LESS than three miles from the bustle of Worksop's town centre lies one of the area's hidden gems.
Steetley Chapel, the most famous example of Norman architecture in Europe, lies in a sleepy nook, forgotten by many and used by few.
Built in 1120 AD as a private chapel to a nearby manor house, the church's history goes back even further as it was most probably erected on the foundations of a wooden place of worship used by the Saxons.
"It really is a truly wonderful building," said churchwarden, Sheila Lound.
"But in common with most old churches nowadays we are struggling to survive - if we are lucky we can sometimes get four people to our Sunday morning services."

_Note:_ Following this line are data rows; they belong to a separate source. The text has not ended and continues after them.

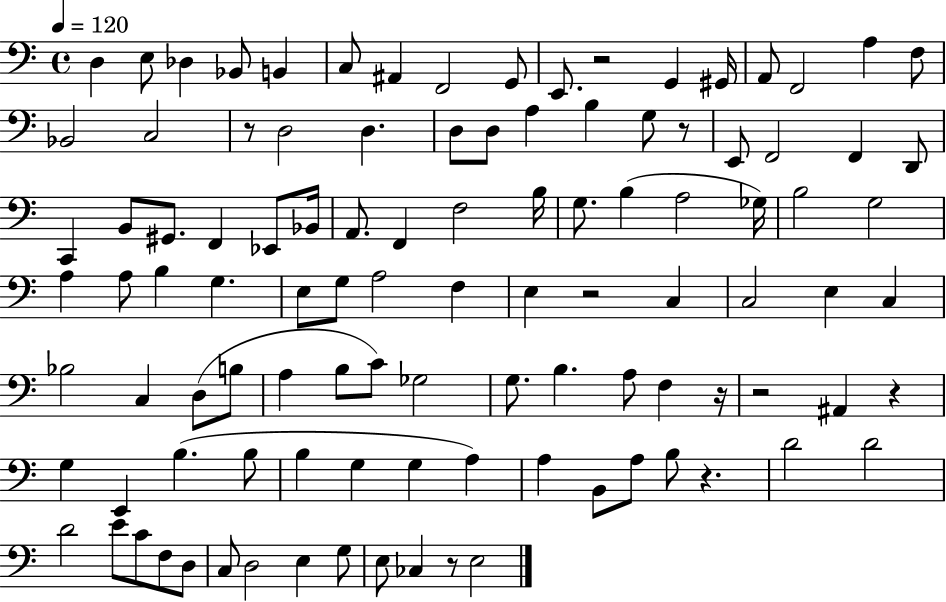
D3/q E3/e Db3/q Bb2/e B2/q C3/e A#2/q F2/h G2/e E2/e. R/h G2/q G#2/s A2/e F2/h A3/q F3/e Bb2/h C3/h R/e D3/h D3/q. D3/e D3/e A3/q B3/q G3/e R/e E2/e F2/h F2/q D2/e C2/q B2/e G#2/e. F2/q Eb2/e Bb2/s A2/e. F2/q F3/h B3/s G3/e. B3/q A3/h Gb3/s B3/h G3/h A3/q A3/e B3/q G3/q. E3/e G3/e A3/h F3/q E3/q R/h C3/q C3/h E3/q C3/q Bb3/h C3/q D3/e B3/e A3/q B3/e C4/e Gb3/h G3/e. B3/q. A3/e F3/q R/s R/h A#2/q R/q G3/q E2/q B3/q. B3/e B3/q G3/q G3/q A3/q A3/q B2/e A3/e B3/e R/q. D4/h D4/h D4/h E4/e C4/e F3/e D3/e C3/e D3/h E3/q G3/e E3/e CES3/q R/e E3/h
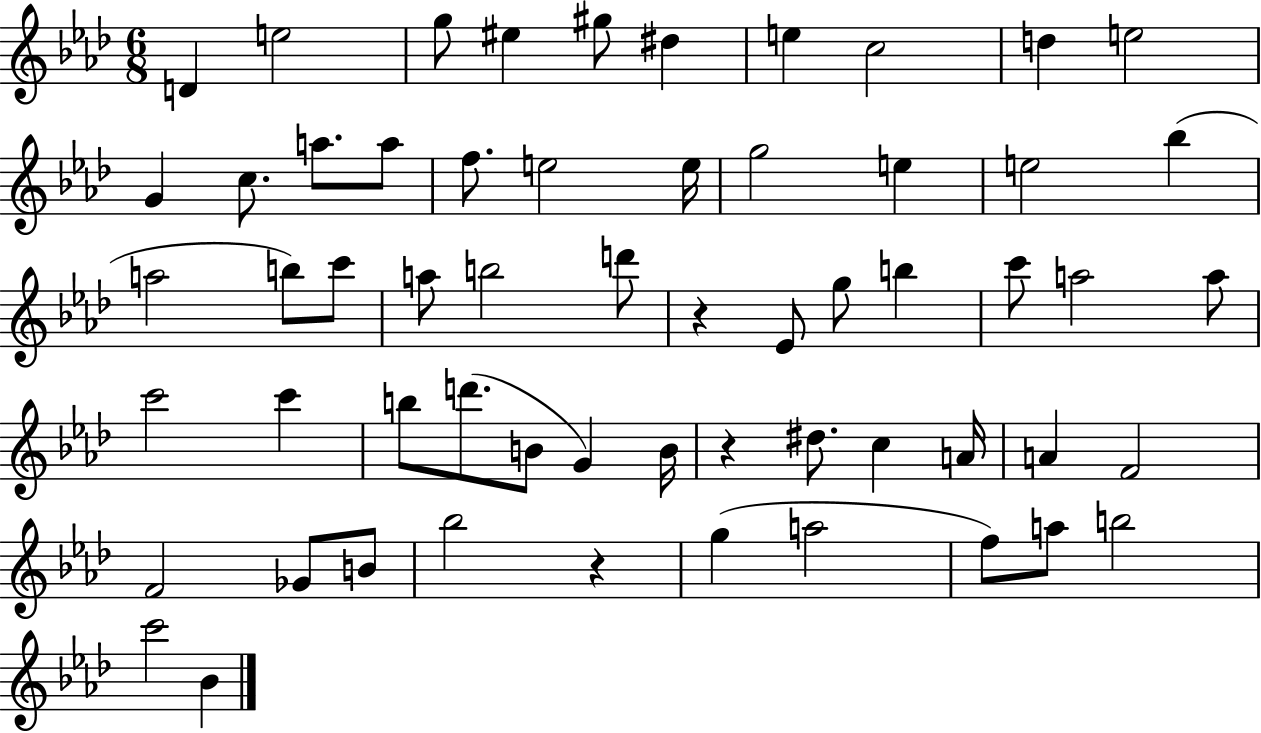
D4/q E5/h G5/e EIS5/q G#5/e D#5/q E5/q C5/h D5/q E5/h G4/q C5/e. A5/e. A5/e F5/e. E5/h E5/s G5/h E5/q E5/h Bb5/q A5/h B5/e C6/e A5/e B5/h D6/e R/q Eb4/e G5/e B5/q C6/e A5/h A5/e C6/h C6/q B5/e D6/e. B4/e G4/q B4/s R/q D#5/e. C5/q A4/s A4/q F4/h F4/h Gb4/e B4/e Bb5/h R/q G5/q A5/h F5/e A5/e B5/h C6/h Bb4/q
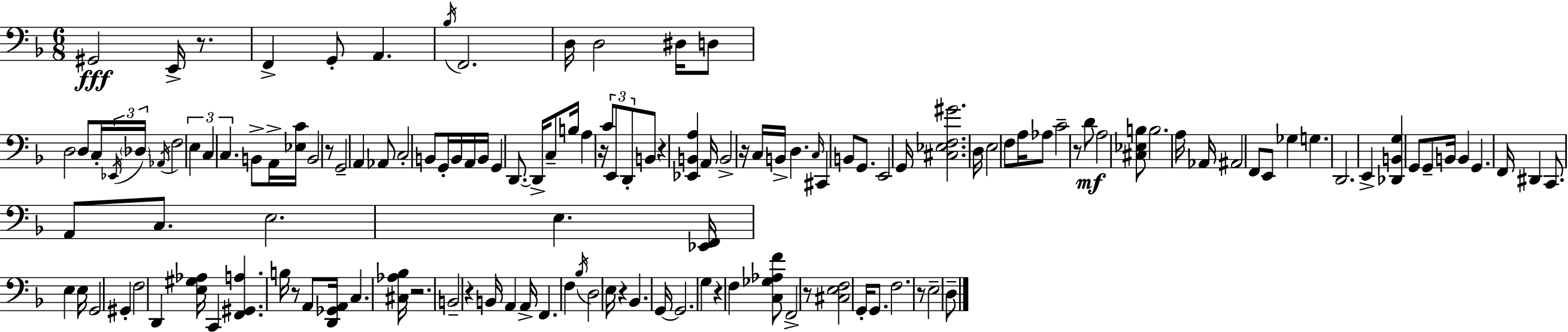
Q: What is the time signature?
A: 6/8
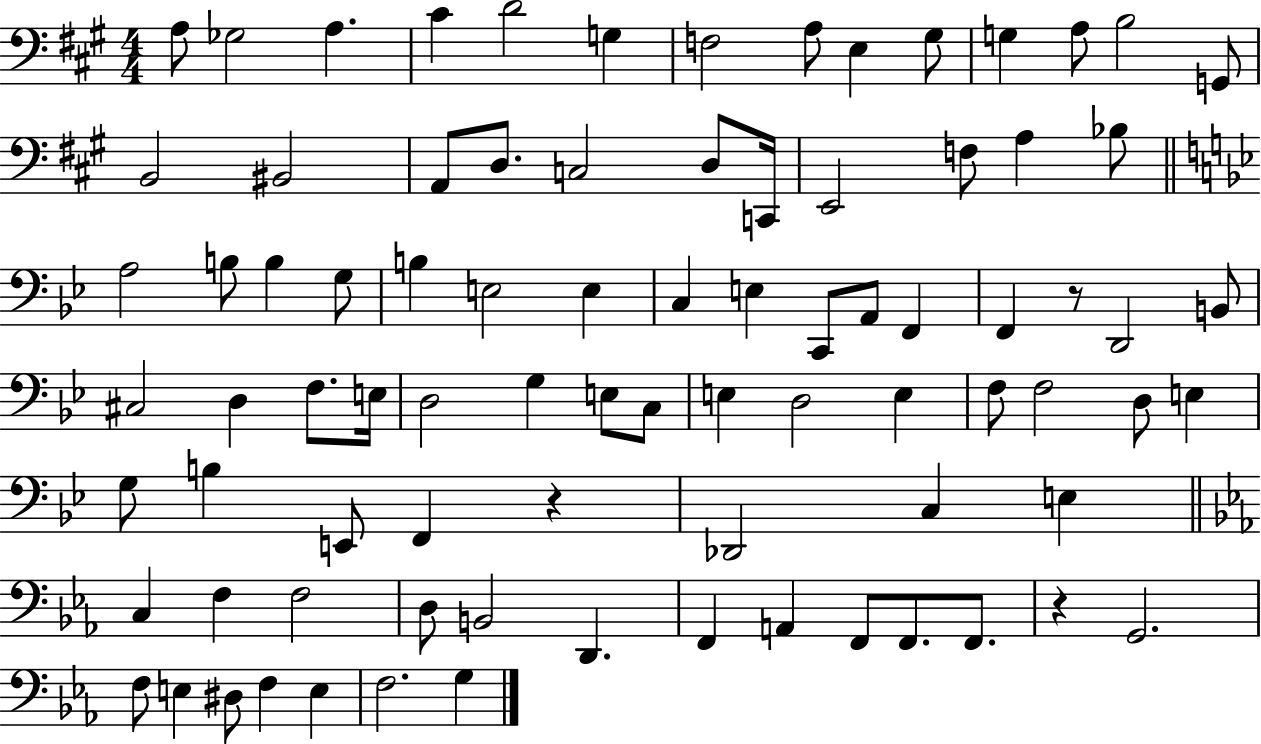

"The only time it is full is when we have a baptism or a wedding and we rarely see those who are involved after the event."
Steetley Chapel has an incredible history that stretches back to the time of the Black Prince and before the building of Welbeck Abbey.
In those far-off days, Christianity still held onto many of the customs of the sun and nature worshippers.
Folk lore also has a place in the chapel. A carving of Adam and Eve, the apple tree and the serpent, representing the creation and man's fall from grace, can still be seen alongside St George and the Dragon.
And Sir Walter Scott mentions Robert of Loxley (Robin Hood) meeting Richard the Lionheart at 'The Chapel in the Forest' in his classic novel, Ivanhoe.
In the year 1349 Steetley, like most of the known world fell victim to the Great Plague which wiped out a third of the population. It was almost always fatal in a day - a rash, a sneeze and collapse. The only treatment was a pocket full of posies (herbs to ward off infection).
It didn't take long for the village to die. There was no-one left and the chapel eventually began to deteriorate. The roof caved in and eventually what was left of the structure was covered with ivy.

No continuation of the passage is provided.